Lord Londonderry asintió con comprensión, sin decir nada, a lomos de su montura. 

 George había descubierto, recientemente, que en el corazón humano a menudo anidaban razones tan poderosas que desafiaban cualquier explicación lógica. Sino, ¿cómo había sido capaz de tomar a Cassandra, de hacerla suya? No había ninguna explicación razonable para ello, pero había ocurrido. 

En las noches de insomnio, entre trincheras y campamentos, había pensado en ella mucho más de lo que le habría gustado. Y no solo en un sentido puramente físico, aunque a veces eso también acontecía, sino en un nivel mucho más profundo. La obsesión que había empezado a experimentar el año pasado se había vuelto más intensa, llevándolo a sentir una creciente preocupación y una angustia genuina en su corazón por su bienestar. ¿Estaba bien? ¿Estaba pensando en él? ¿Habría recibido algún tipo de castigo por parte de su padre? ¿Seguía sus pasos en las páginas de los periódicos, buscando noticias de él y de la guerra que estaba librando? 

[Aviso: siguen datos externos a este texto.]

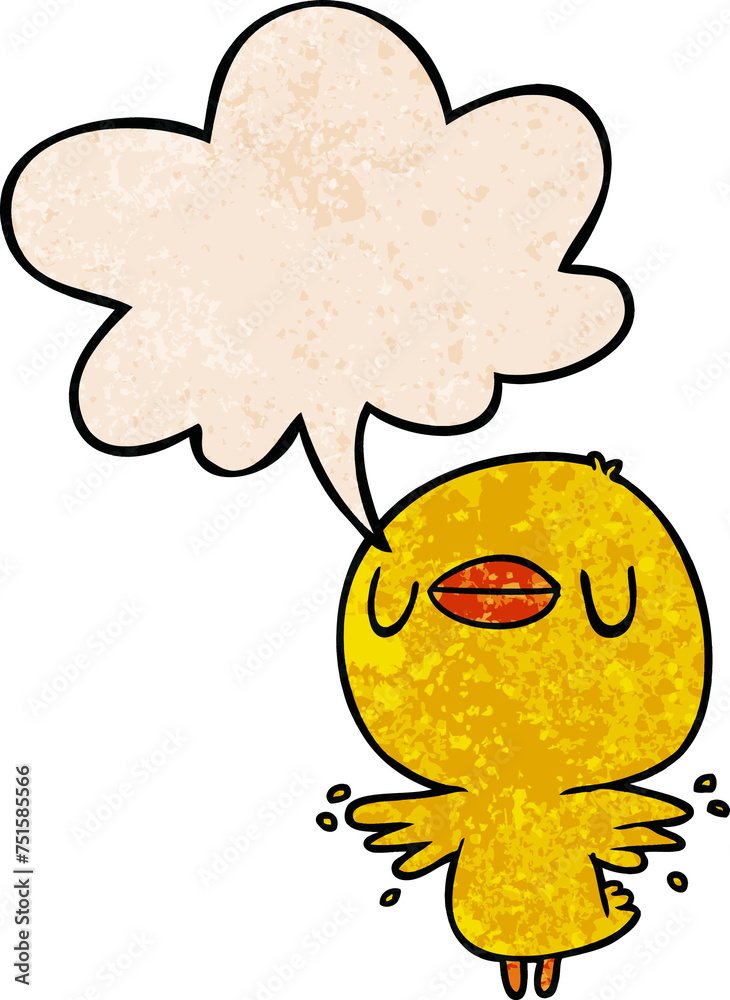 cute cartoon chick flapping wings and speech bubble in retro texture style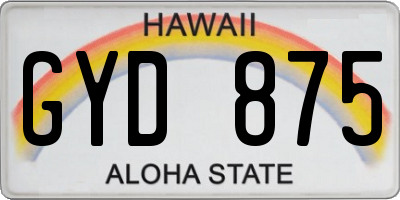 HI license plate GYD875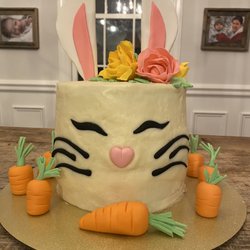 Spilled Milk Bakery - Bunny Easter Cake with gum paste flowers
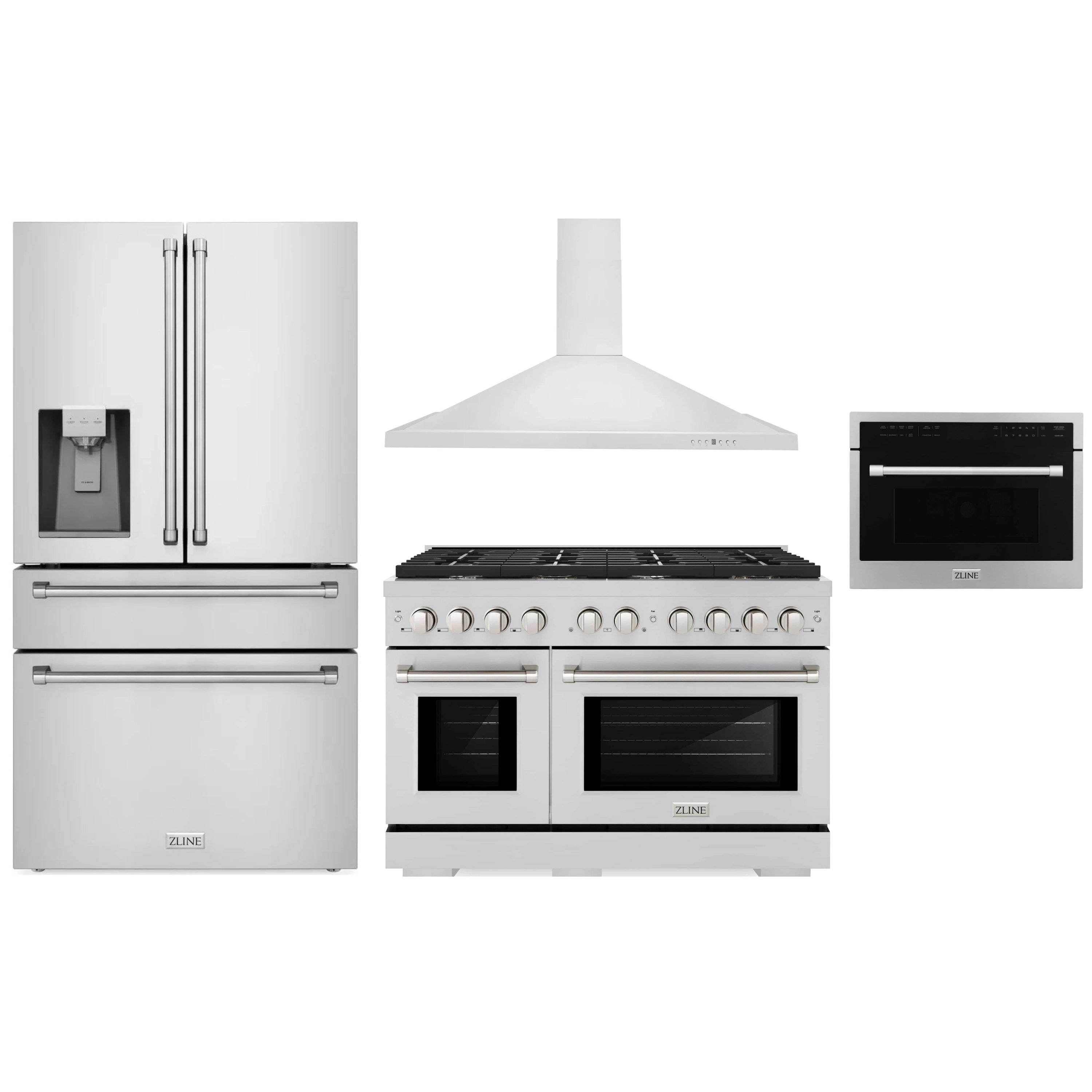 Stainless appliance package with refrigerator, gas range, wall hood, and microwave
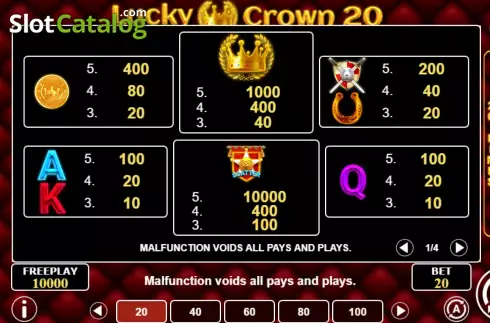 Скрин6. Lucky Crown 20 слот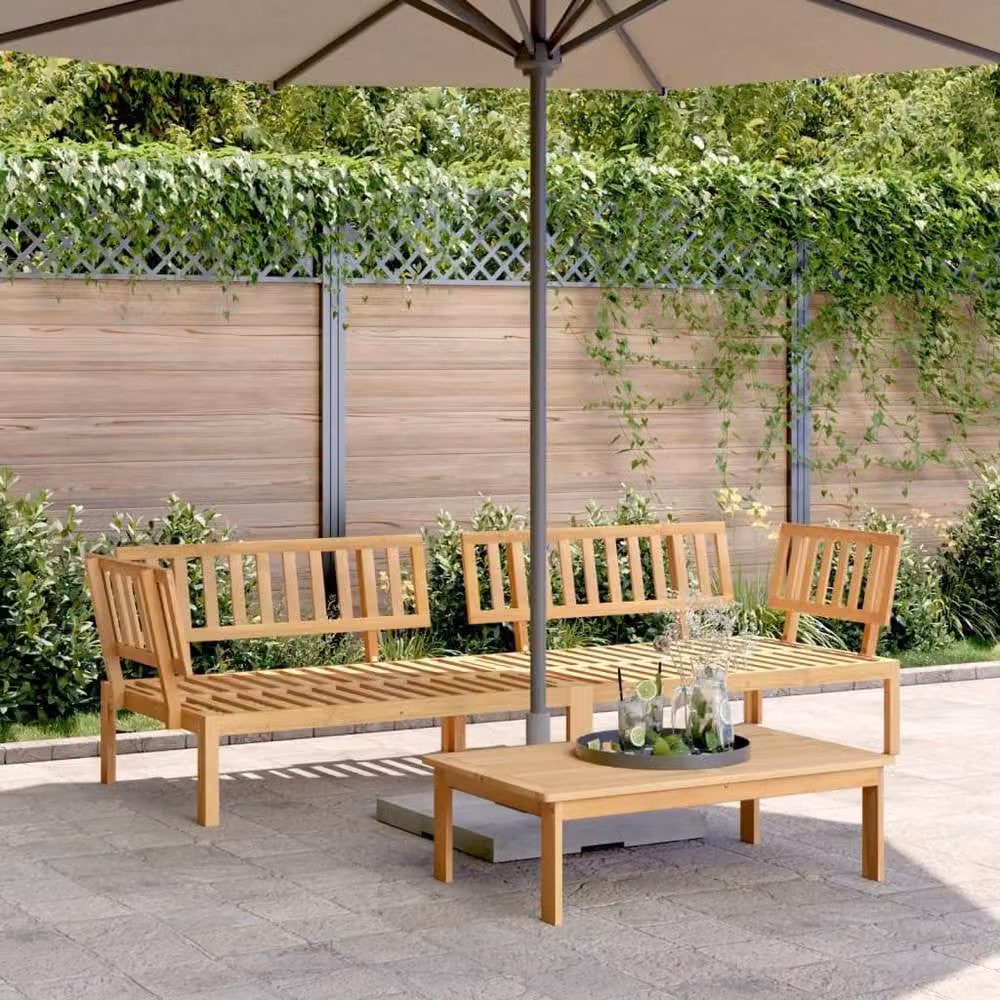 Berkfield Home L-Shape Garden Pallet Corner Sofa Set, 2 Pieces, Solid Brown Acacia Wood – 2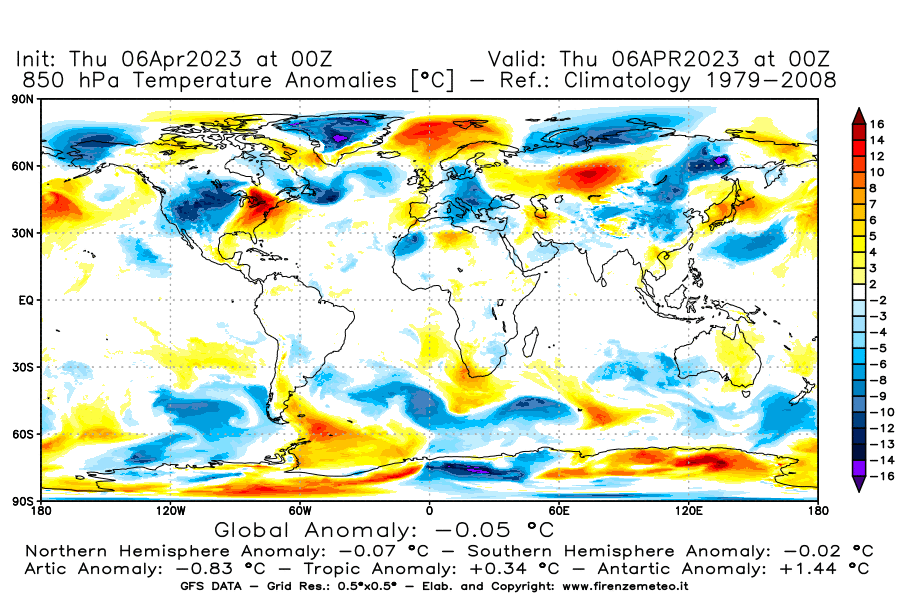 Mappa di analisi GFS - Anomalia Temperatura [°C] a 850 hPa in World
							del 06/04/2023 00 <!--googleoff: index-->UTC<!--googleon: index-->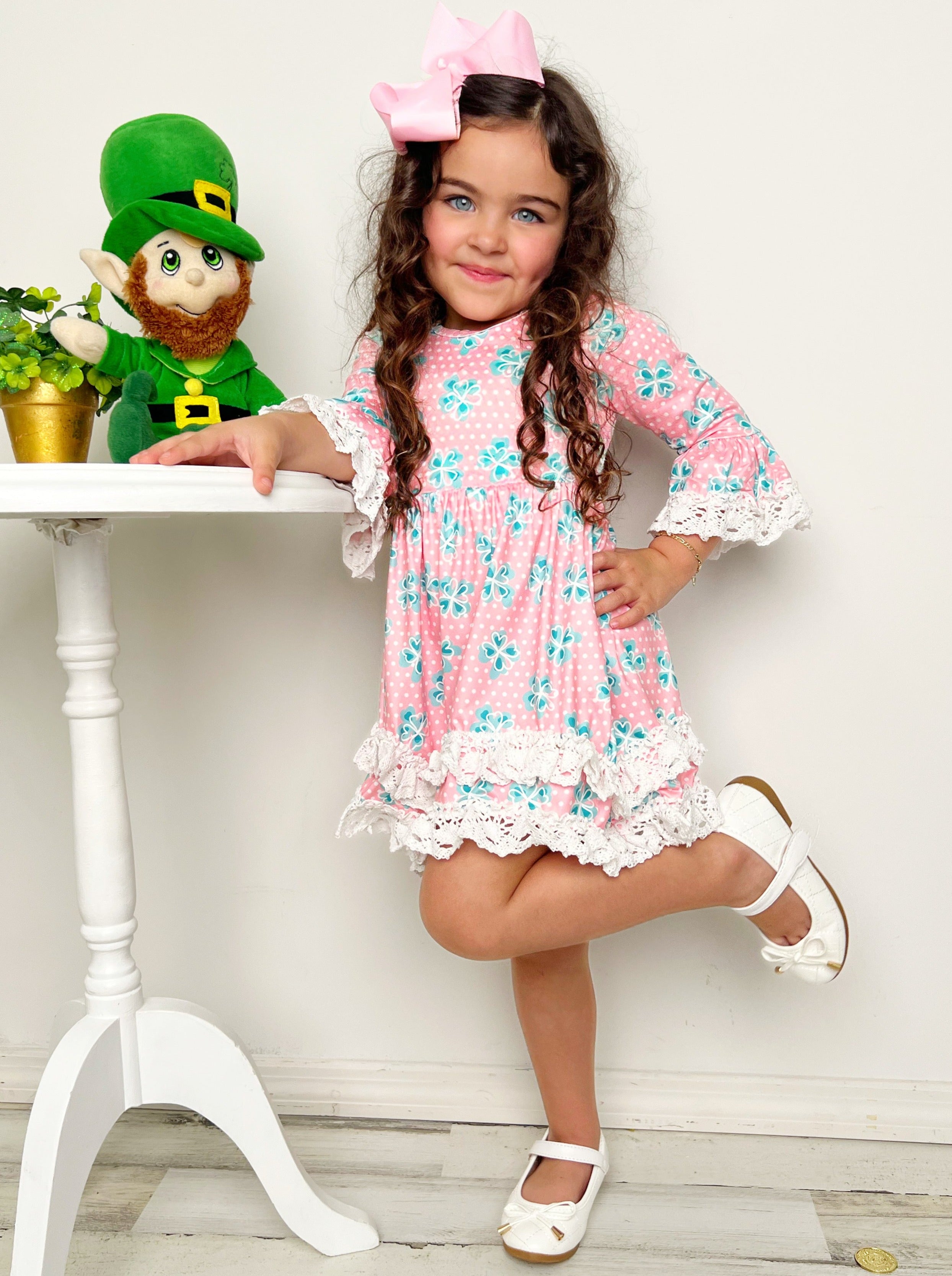 St. Patrick's Day Clothes  Girls Rainbow Clover Tunic And Legging Set –  Mia Belle Girls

No había recibido ninguna carta de su hermana. Por lo que debía suponer que no había habido ningún tipo de consecuencia después de lo ocurrido.

—Ríndase —exigió el General del Ejército Británico al General Ye Micheng, una vez hubieron cruzado la ciudad, convertida en piedras y polvo. 

—Aquí hay algo extraño, General Elgin —comentó el príncipe George, observando al General chino demasiado tranquilo, sentado sobre algo que no acababa de distinguir. 

Fue la mirada del General Ye Micheng sobre el príncipe George, a pesar de la multitud que los rodeaba, lo que le confirmó sus sospechas. No obstante, no hubo tiempo de maniobrar antes de que el General se explosionara junto a barios barriles de pólvora y todos volaran por los aires.